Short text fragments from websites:
══════════════════════════════

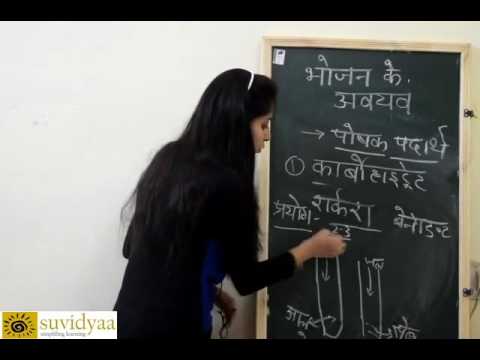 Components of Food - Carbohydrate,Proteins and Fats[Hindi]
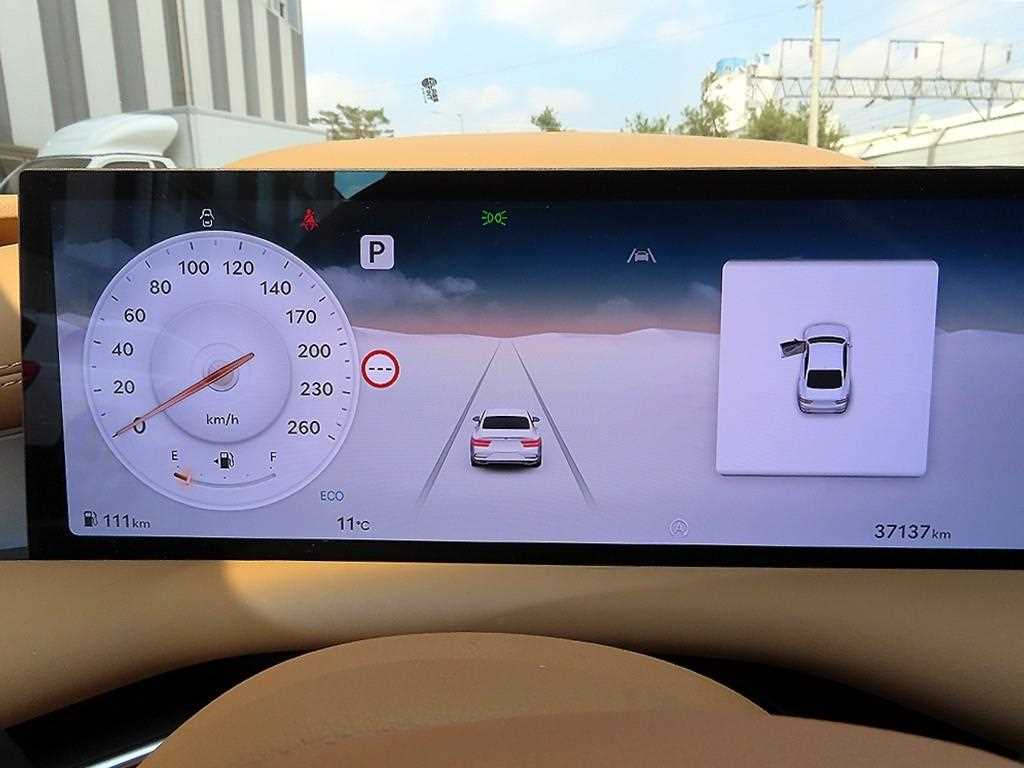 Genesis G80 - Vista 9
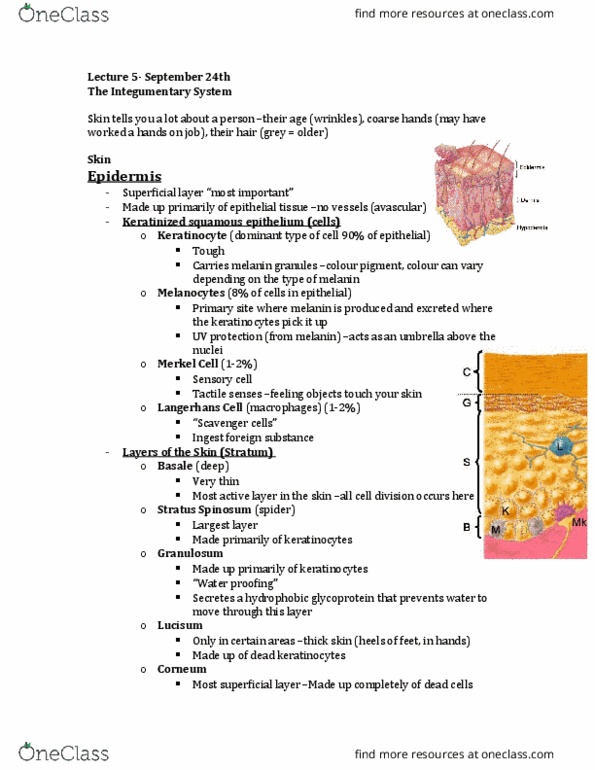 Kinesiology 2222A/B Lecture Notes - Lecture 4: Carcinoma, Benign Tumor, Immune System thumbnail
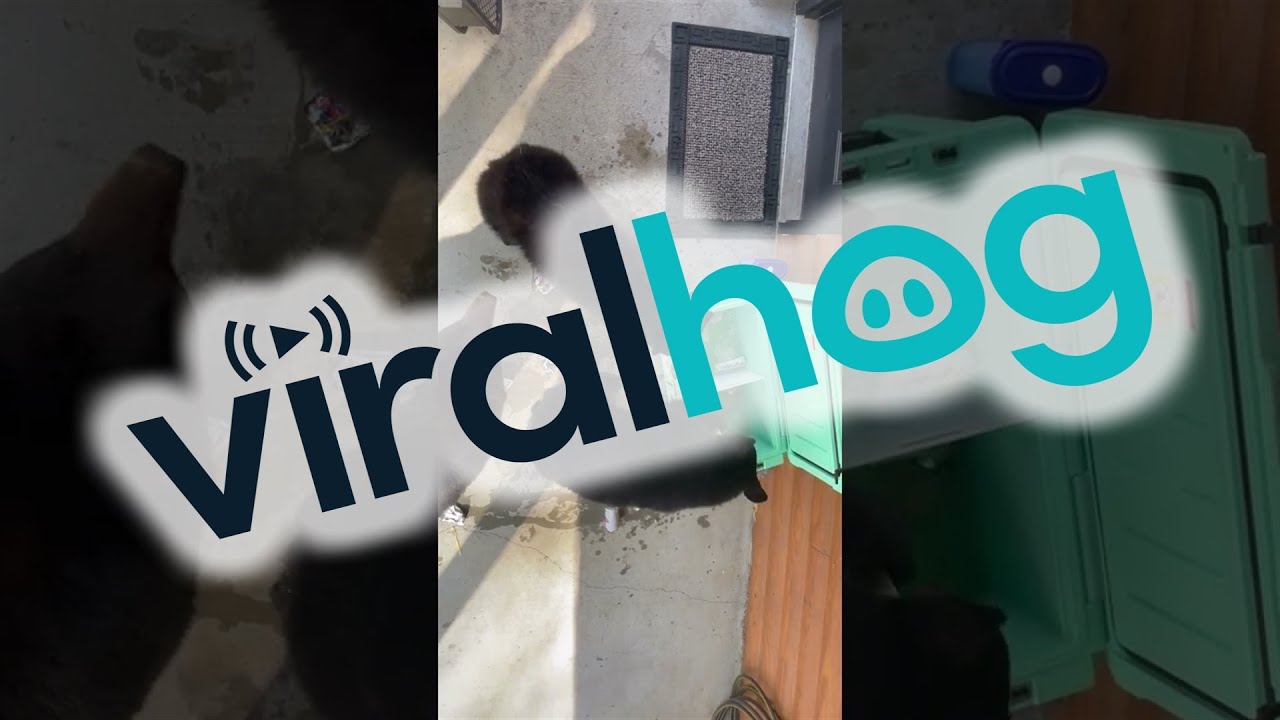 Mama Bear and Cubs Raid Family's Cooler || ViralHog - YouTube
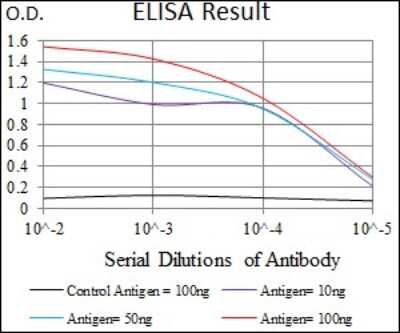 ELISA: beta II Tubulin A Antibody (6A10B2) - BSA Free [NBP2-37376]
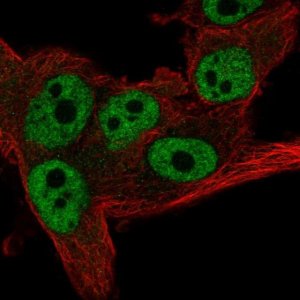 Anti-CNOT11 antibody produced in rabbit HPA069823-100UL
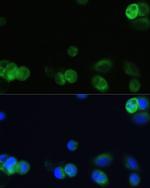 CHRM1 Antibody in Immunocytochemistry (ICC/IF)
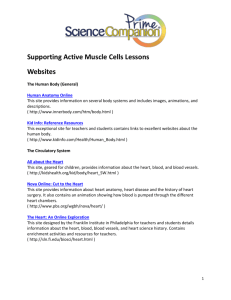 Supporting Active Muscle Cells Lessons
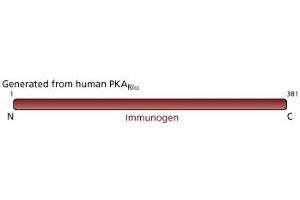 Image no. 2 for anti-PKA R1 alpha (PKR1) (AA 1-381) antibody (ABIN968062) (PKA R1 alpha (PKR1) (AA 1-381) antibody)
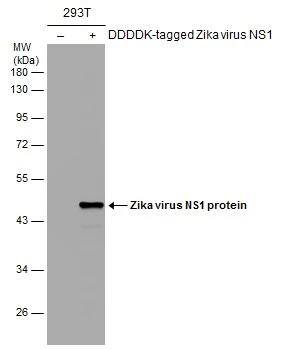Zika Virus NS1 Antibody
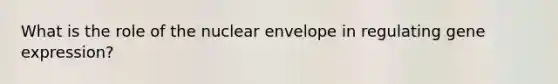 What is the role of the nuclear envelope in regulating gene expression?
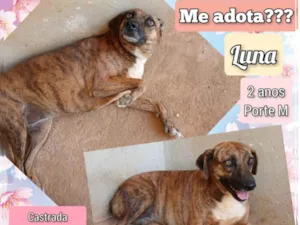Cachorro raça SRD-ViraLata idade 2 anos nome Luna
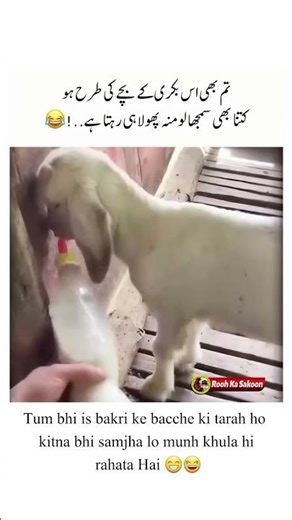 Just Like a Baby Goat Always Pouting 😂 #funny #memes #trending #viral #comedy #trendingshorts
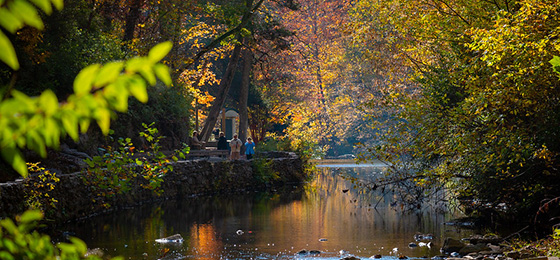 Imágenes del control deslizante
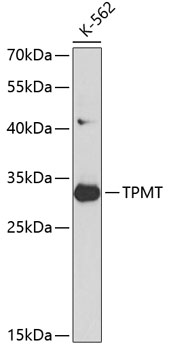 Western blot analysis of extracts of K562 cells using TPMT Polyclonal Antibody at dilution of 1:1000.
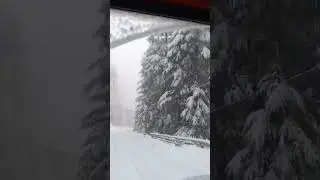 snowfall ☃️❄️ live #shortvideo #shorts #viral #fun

══════════════════════════════

▶ [Problem details] After locating the line with "CHRM1 Antibody in", transcribe it and the rest of the data above exactly as written, without any picture.

▶ [Answer for the task]
 CHRM1 Antibody in Immunocytochemistry (ICC/IF)
 Supporting Active Muscle Cells Lessons
 Image no. 2 for anti-PKA R1 alpha (PKR1) (AA 1-381) antibody (ABIN968062) (PKA R1 alpha (PKR1) (AA 1-381) antibody)
Zika Virus NS1 Antibody
 What is the role of the nuclear envelope in regulating gene expression?
Cachorro raça SRD-ViraLata idade 2 anos nome Luna
 Just Like a Baby Goat Always Pouting 😂 #funny #memes #trending #viral #comedy #trendingshorts
 Imágenes del control deslizante
 Western blot analysis of extracts of K562 cells using TPMT Polyclonal Antibody at dilution of 1:1000.
 snowfall ☃️❄️ live #shortvideo #shorts #viral #fun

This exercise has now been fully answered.